LOUISVILLE, Ky. (BP)–Decrying that the Supreme Court has allowed a federal appeals court to further promote “the secular legend” of the Scopes Monkey Trial, Associate Justice Antonin Scalia criticized the high court’s June 19 rejection of an appeal by a Louisiana school board over its policy requiring teachers to read a disclaimer before teaching evolution to their students.

By a 6-3 vote, the Supreme Court decided not to review the appeal by the Tangipahoa Parish Board of Education concerning its 1994 policy requiring public school teachers to tell their students the lesson on the “scientific theory of evolution … was not intended to influence or dissuade the Biblical version of creation.” Several parents of children in the school district sued, arguing that the disclaimer violated the so-called “wall of separation” between church and state.

A federal judge struck down the policy, a ruling that was subsequently upheld by a U.S. appeals court.
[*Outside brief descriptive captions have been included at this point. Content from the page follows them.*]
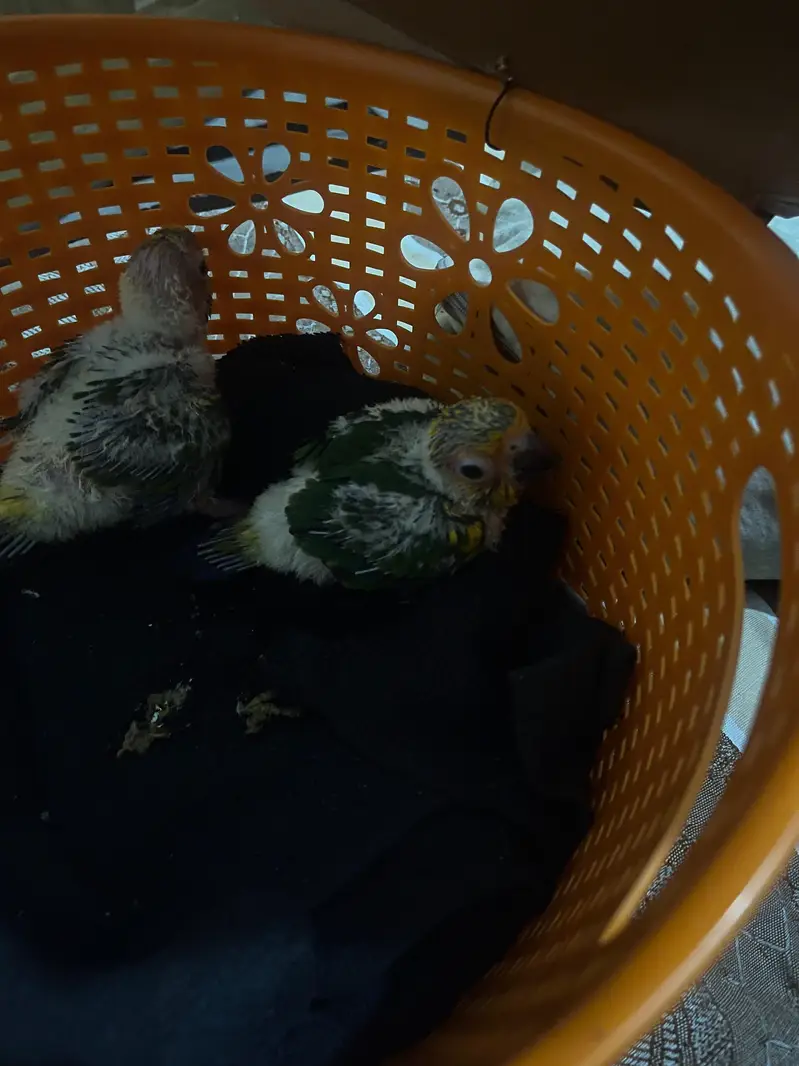 suncnoure chicks pair for sale. — photo 5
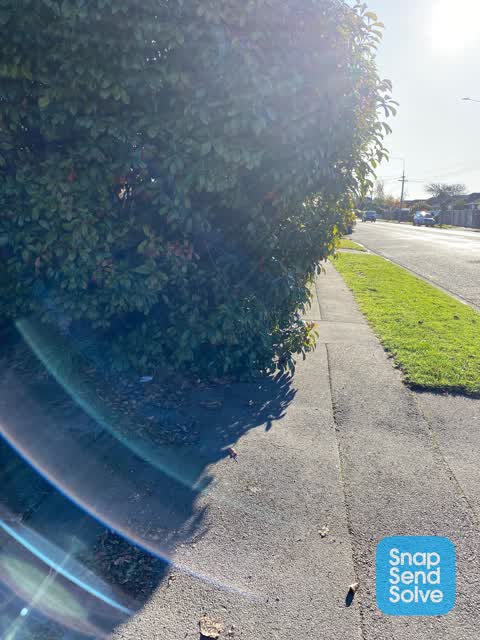 Roading/Streets, a report photo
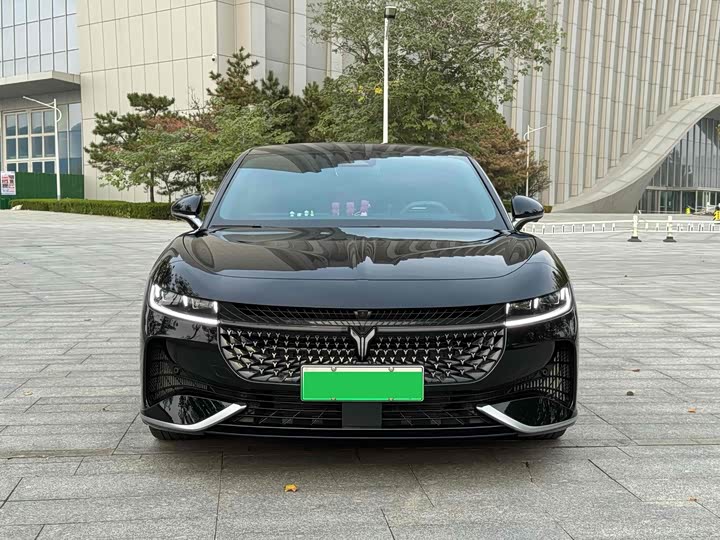 Фото 2 - Voyah Passion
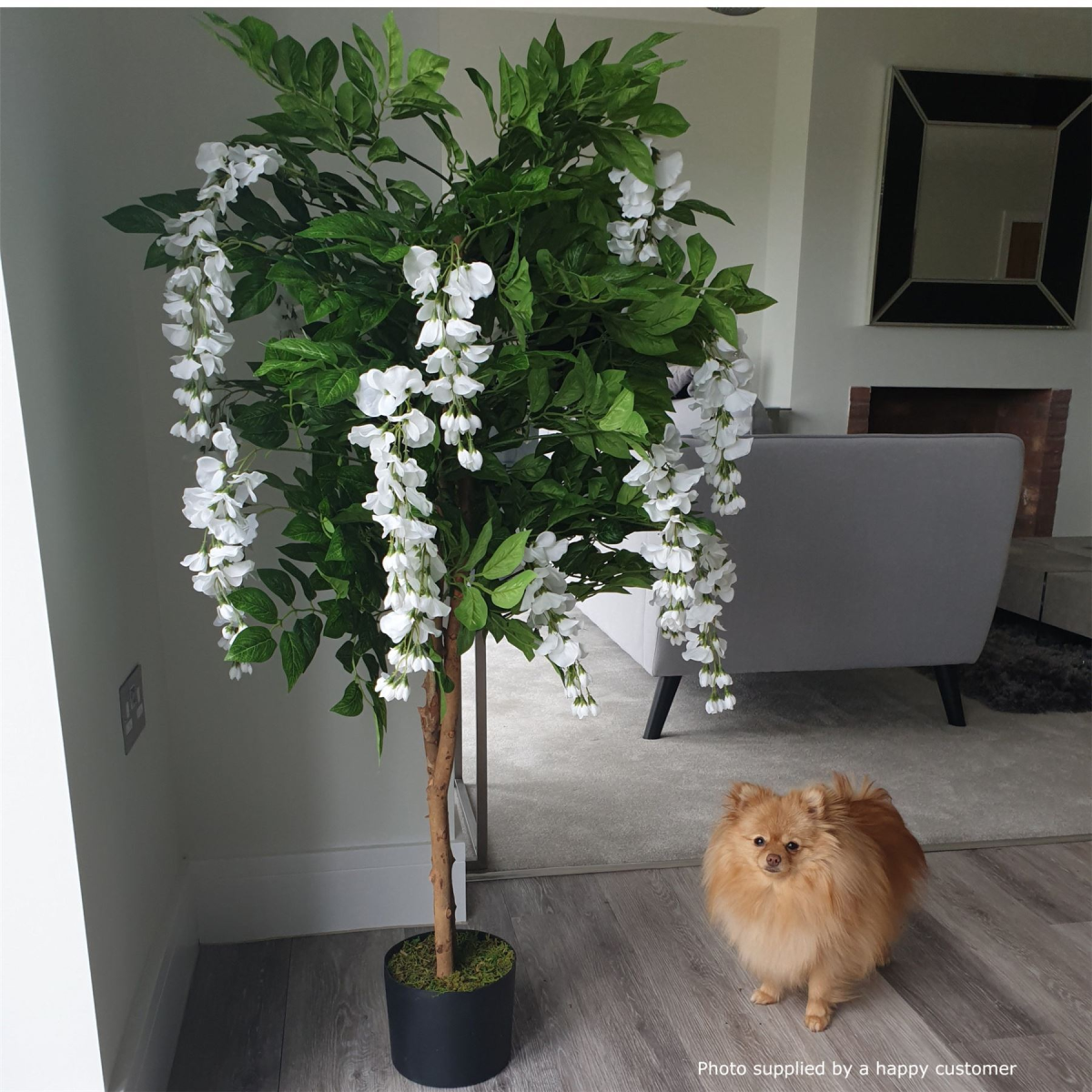 130cm Artificial Wisteria Tree with White Flowers, Premium Range, Real Wood Trunk, Metal Planter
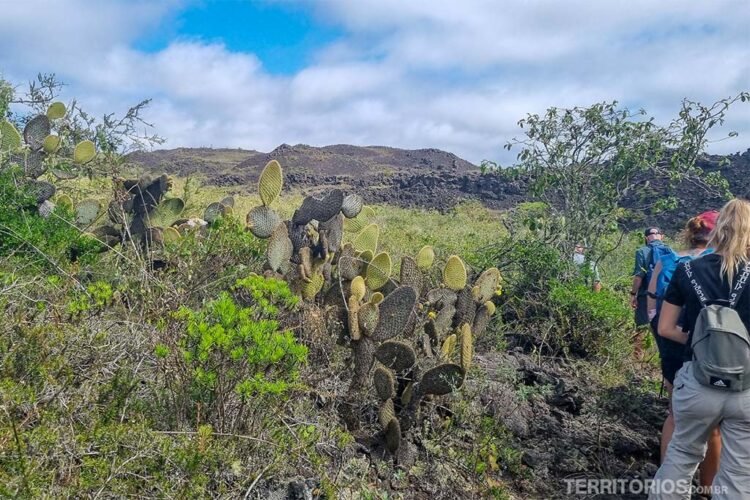 Pessoas fazem trilha entre vegetação nativa da ilha Isabela como cactos.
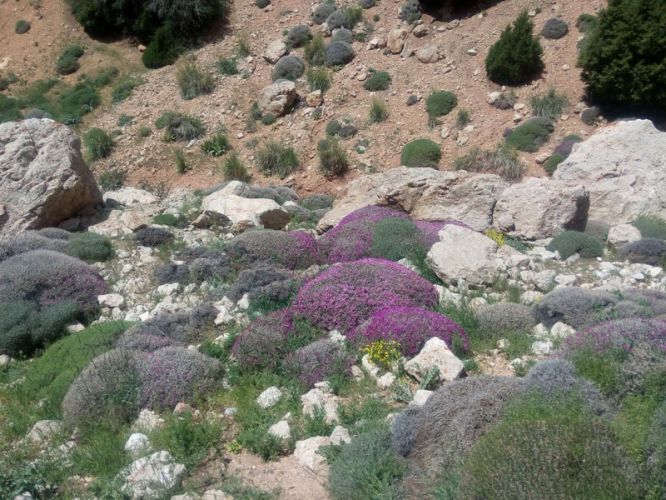 Wild flowers in the waterfall Nasrava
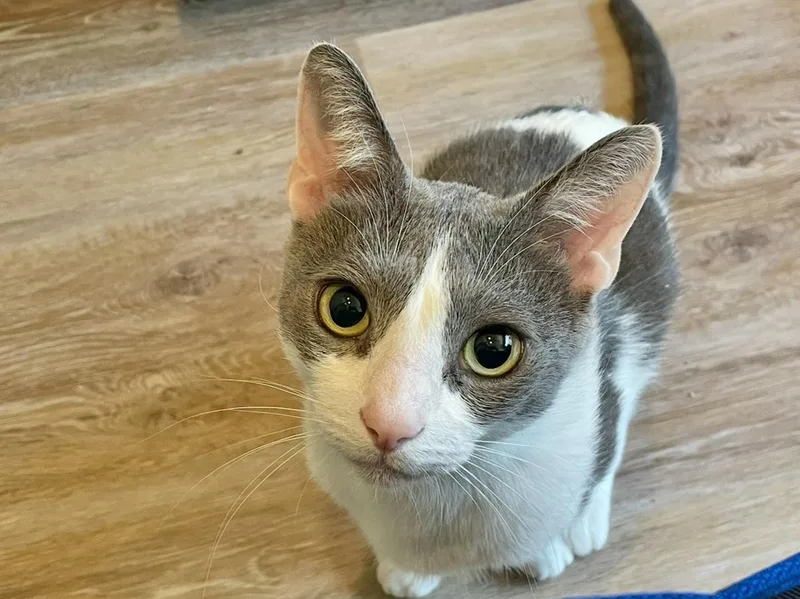 Quinton & Finley thumbnail 2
The federal judge said the disclaimer was unconstitutional because it had a religious purpose. But the U.S. appeals court struck it down for a different reason, declaring that it had the effect of promoting religion. In its most recent ruling on evolution in the schools, the Supreme Court in 1987 struck down a Louisiana law requiring equal treatment to creationism and evolution.

The six Supreme Court justices who rejected the Tangipahoa appeal June 19 did so without comment. Their action was not precedent-setting and was only a denial of review. Chief Justice William Rehnquist and Justices Clarence Thomas and Scalia dissented, with Scalia offering scathing criticism of the court’s decision.

“At the outset, it is worth noting that the theory of evolution is the only theory actually taught in the Tangipahoa Parish schools,” Scalia wrote in his dissent.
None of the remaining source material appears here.